Aside from the Sikorski-Rostowski chat, the most damaging was a conversation between Interior Minister Bartlomiej Sienkiewicz and Central Bank Governor Marek Belka. The conversation, which included jokes about the penis size of a key member of the interest-rate-setting Monetary Policy Council, have damaged Belka's ties with that body and tarnished his reputation, which until now had been sterling. 

More worrying for Poles, if not markets, was the talk of political horse-trading over monetary policy. In the conversation, recorded last July, Sienkiewicz sounded out Belka on whether the Central Bank would be willing to intervene to prop up the economy in the hypothetical event of a slowdown, worrying that a sluggish economy could hurt the ruling Civic Platform party's chances for a third term in parliamentary elections scheduled for next year.

Remarkably for an apolitical appointee, Belka agreed, breaking a taboo for a central banker. "My condition is, excuse me, the dismissal of the finance minister," Belka said, referring to the minister as "Count von Rostowski."

Rostowski was removed as minister in a cabinet reshuffle last November, although both he and Tusk insist there was no pressure on him to go.

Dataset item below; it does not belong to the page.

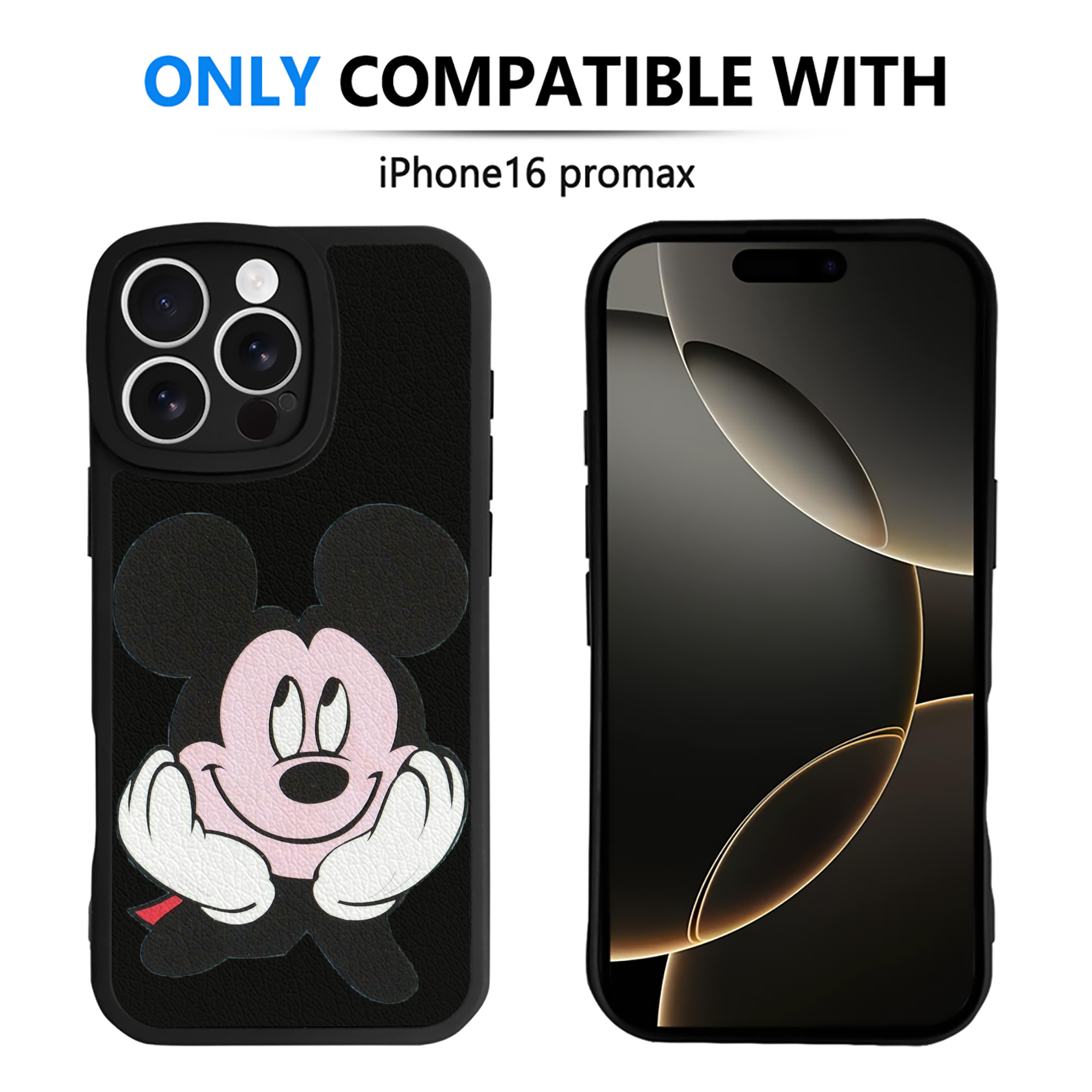 （画像用） ミッキーマウス Mickey Mouse 【iPhone 16シリーズ対応】シリコンスマホケース（レザー調） 材質：シリコン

Another of Belka's conditions, a change in central bank regulations, is working its way through parliament.

However, Belka is not quitting. Tusk has said that he did nothing illegal, and Belka has tried to patch up relations with the Monetary Policy Council -- although, if a lukewarm statement from the council is anything to go by, he still has some work to do to return to its good graces.

Tusk is also standing firm in the face of the firestorm over the leaked tapes. Instead of resigning, as demanded by the opposition, he has attempted to shift the debate from the content of the leaks to who made the recordings and why -- turning the issue of support for his government into one of patriotism by bringing the focus onto an issue nearly all Poles seem able to agree on: distrust of Russia.

"There can be no place for a scenario where criminals who record and make public recordings from bugs are going to dictate the actions of the parliament or the government," he told parliament on Wednesday.

Tusk's gamble is to calm the atmosphere by showing he still commands a majority in parliament and by trying to deflect questions over the embarrassing behavior of his ministers and the incompetence of the security services, which should have ensured that their bosses weren't being bugged. The danger for him is that there are still many recordings out there, according to Wprost, and the Polish media smell a wounded government vulnerable to more scandal.